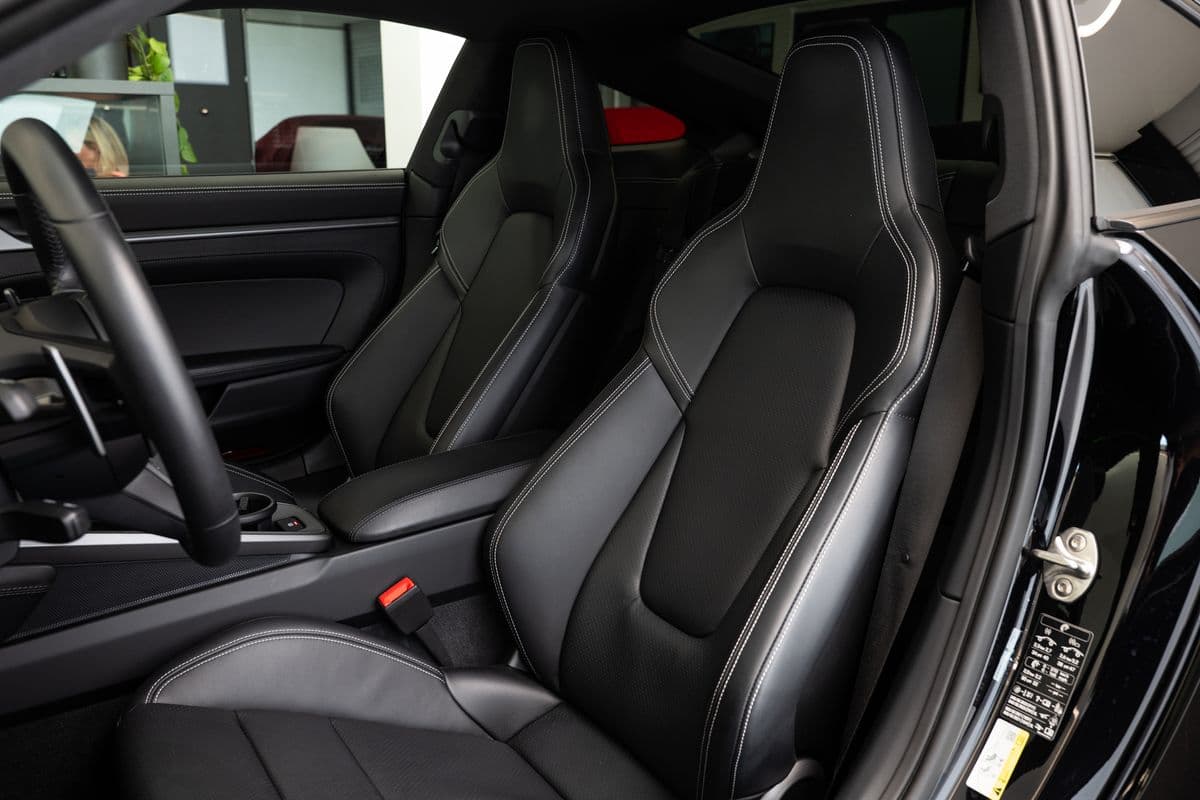 2025 Porsche 911 - 8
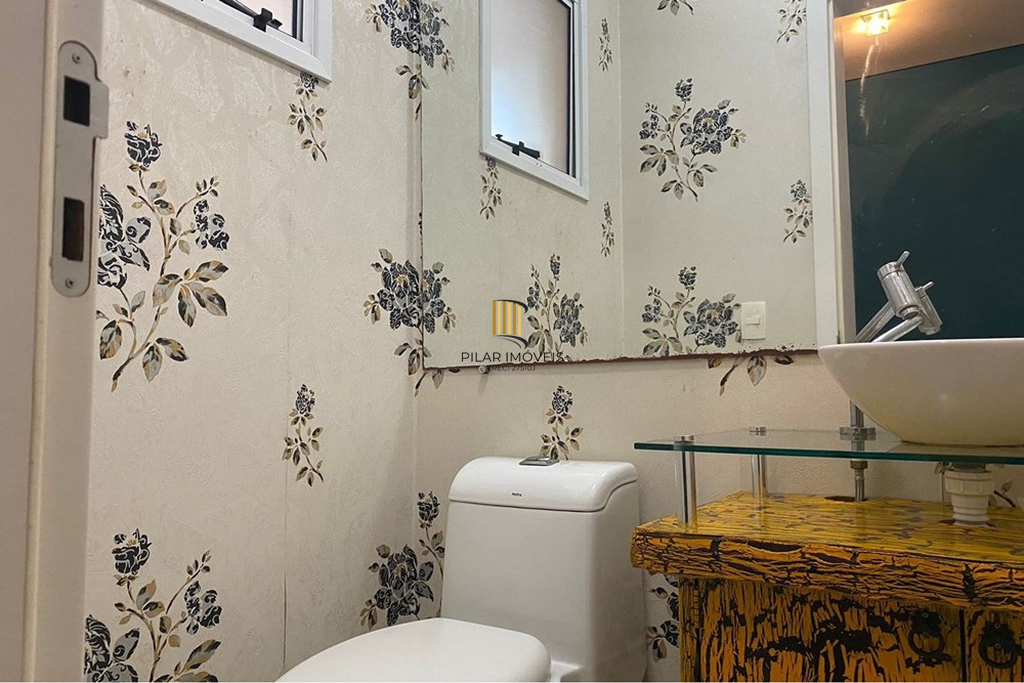 Casa de Condomínio 4 dormitórios no bairro Estância Velha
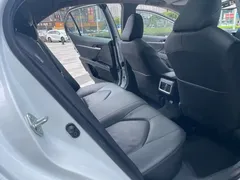 2021 Toyota Camry 2.5G Luxury, белый — фото 12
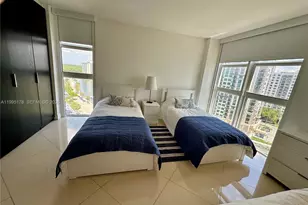 100 Bayview Dr, Sunny Isles Beach, FL 33160 - Photo 31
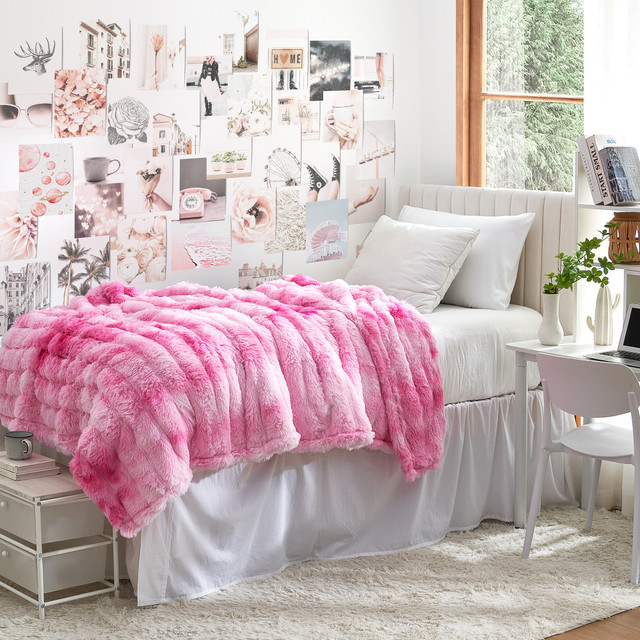 Snowball Chunky Bunny® - Coma Inducer® Twin XL Blanket - Pink Cosmos Snowball Chunky Bunny® - Coma Inducer® Twin XL Blanket - Pink Cosmos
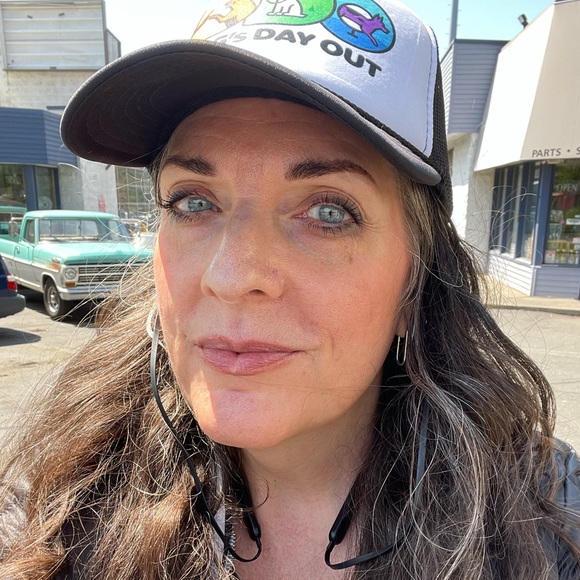 Meet your Posher, Cynthia - Picture 3 of 10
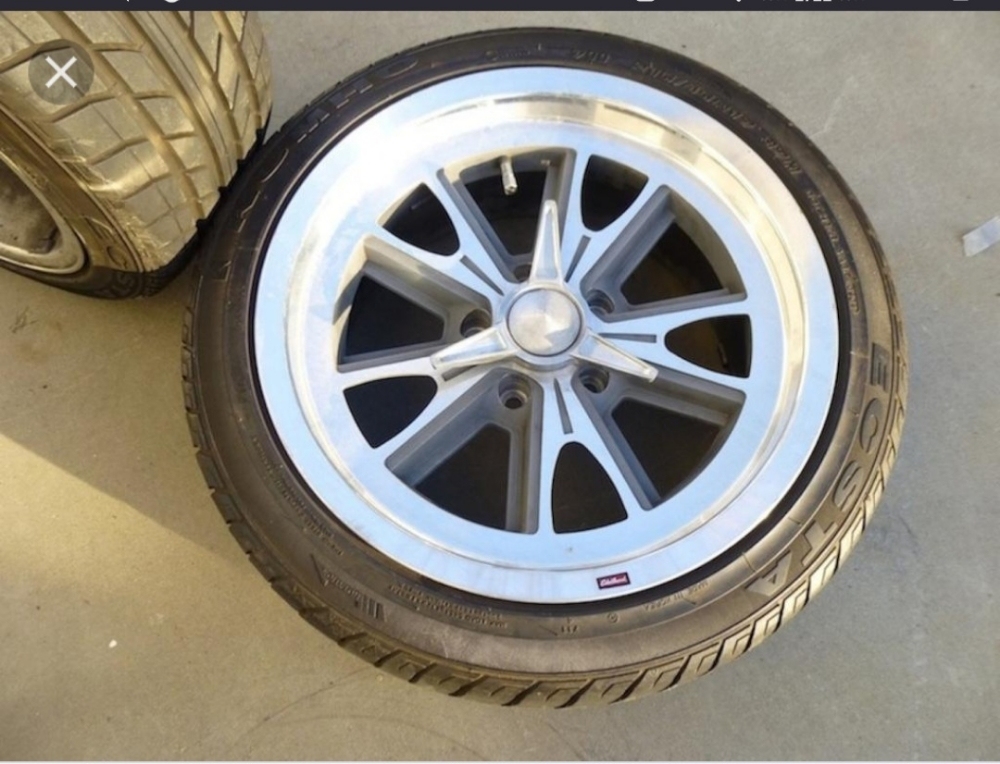 1967 Mustang wheels - 1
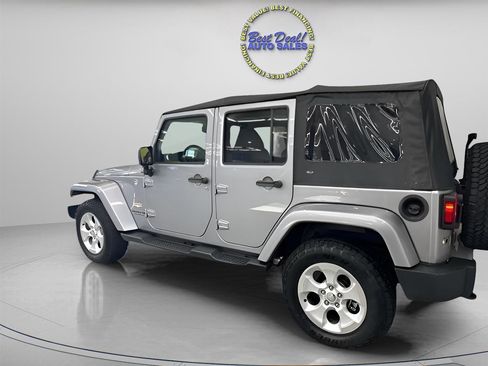 Used 2014 Jeep Wrangler Unlimited Sahara w/ Connectivity Group AWD/4WD image 3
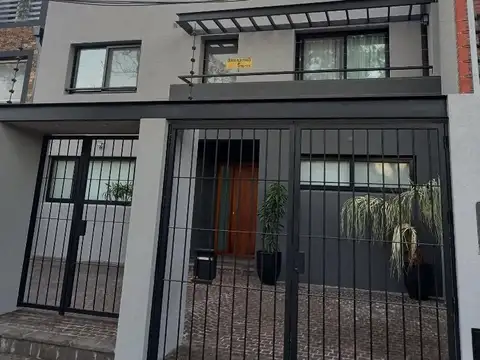 CASA EN VENTA EN MARTINEZ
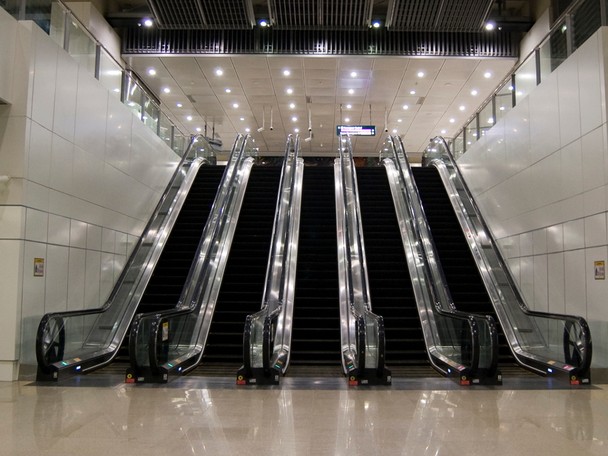 thang máy cuốn nhập khẩu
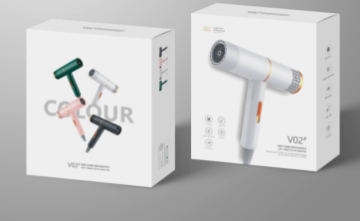 صورة Blowing Hair Dryer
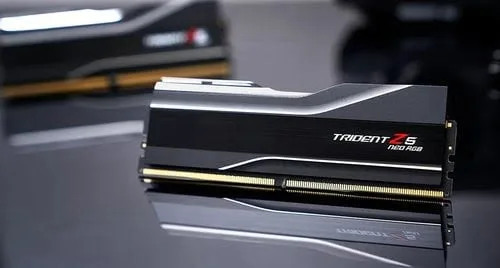 G.Skill Trident Z5 Neo RGB 32Go (2x16Go) DDR5 6000MHz — vue 8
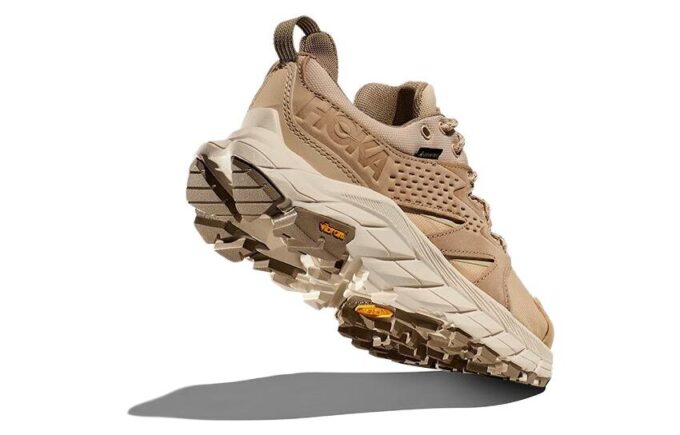 HOKA アナカパ GTX ‘タン’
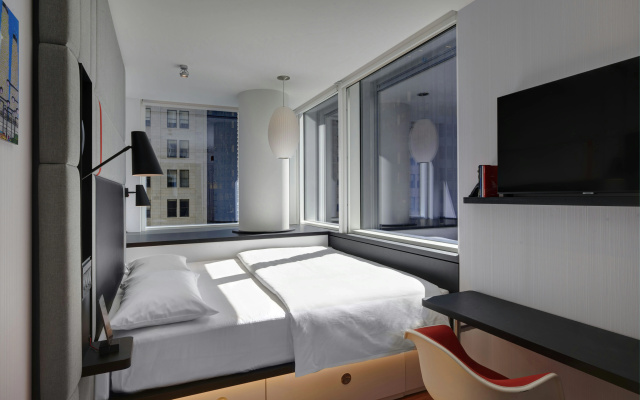 photo 4 of citizenM Chicago Downtown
▬▬▬▬▬▬▬▬▬▬
Only the text of the records belongs in your answer, repeated exactly; the pictures stay out.

(Written answer)
 2025 Porsche 911 - 8
 Casa de Condomínio 4 dormitórios no bairro Estância Velha
 2021 Toyota Camry 2.5G Luxury, белый — фото 12
 100 Bayview Dr, Sunny Isles Beach, FL 33160 - Photo 31
 Snowball Chunky Bunny® - Coma Inducer® Twin XL Blanket - Pink Cosmos Snowball Chunky Bunny® - Coma Inducer® Twin XL Blanket - Pink Cosmos
 Meet your Posher, Cynthia - Picture 3 of 10
 1967 Mustang wheels - 1
 Used 2014 Jeep Wrangler Unlimited Sahara w/ Connectivity Group AWD/4WD image 3
 CASA EN VENTA EN MARTINEZ
 thang máy cuốn nhập khẩu
 صورة Blowing Hair Dryer
 G.Skill Trident Z5 Neo RGB 32Go (2x16Go) DDR5 6000MHz — vue 8
 HOKA アナカパ GTX ‘タン’
 photo 4 of citizenM Chicago Downtown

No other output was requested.